Bayern: Giftgaswolke durch Chemikalienbrand – Gefahrguttransporter in Flammen
Kirchroth (Bayern): Der Brand eines Gefahrguttransporters hat am Mittwoch, den 22. November 2006, auf der A 3 Regensburg-Passau eine Giftgaswolke erzeugt. Der Lkw hatte die leicht entzündliche Chemikalie Dithionid geladen, wie ein Polizeisprecher vor Ort sagte.
Die Behörden riefen die Bevölkerung nahe gelegener Ortschaften auf, Türen und Fenster zu schließen und die Häuser nicht mehr zu verlassen. Flammen schlugen Dutzende von Metern hoch aus dem rumänischen Lkw. Explosionsgefahr bestand nach Angaben der Polizei aber nicht. Der 39-jährige Lkw-Fahrer wurde mit Verdacht auf Vergiftung in ein Krankenhaus gebracht.
Ein Polizeisprecher berichtete von einem „flammenden Inferno“. Zeitweise musste die Feuerwehr wegen der Hitze und des giftigen Qualms mehrere hundert Meter Abstand halten. „Wie aus einem Flammenwerfer spritzte das Feuer aus den Transportbehältern“, schilderte der Sprecher die Situation.
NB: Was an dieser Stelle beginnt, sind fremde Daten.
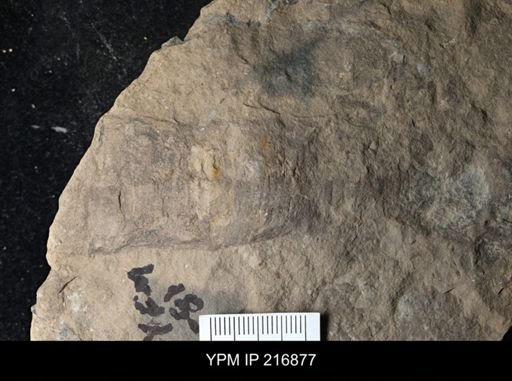 undet. Nautiloidea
Der Wind wehte die Chemikaliengase in Richtung der etwa zwei Kilometer entfernt gelegenen Orte Tiefenthal und Hofdorf im Landkreis Straubing-Bogen. Experten der Umweltbehörden waren mit Messgeräten im Einsatz, um die Gefahr besser einschätzen zu können. Informationen über weitere Verletzte gab es zunächst nicht.
Dithionid wird als Bleichmittel in der Papierproduktion verwendet. Es wurde als weißes Pulver in kristalliner Form transportiert. Der Lkw hatte 17 Behältnisse zu je 950 Kilo geladen. Der Stoff neigt zur Selbstentzündung bei Kontakt mit feuchter Luft. Er verbrennt unter Bildung giftiger Gase. Unter anderem entsteht Schwefeldioxid. Die Chemikalie verursacht starke Reizungen von Augen und Atemwegen. Vergiftungssymptome können den Behörden zufolge auch erst nach Stunden auftreten. Die Hersteller-Firma BASF aus Ludwigshafen schickte per Hubschrauber Experten ihrer Werksfeuerwehr zum Brandort nach Niederbayern. Sie sollten die örtlichen Kräfte beraten und unterstützen.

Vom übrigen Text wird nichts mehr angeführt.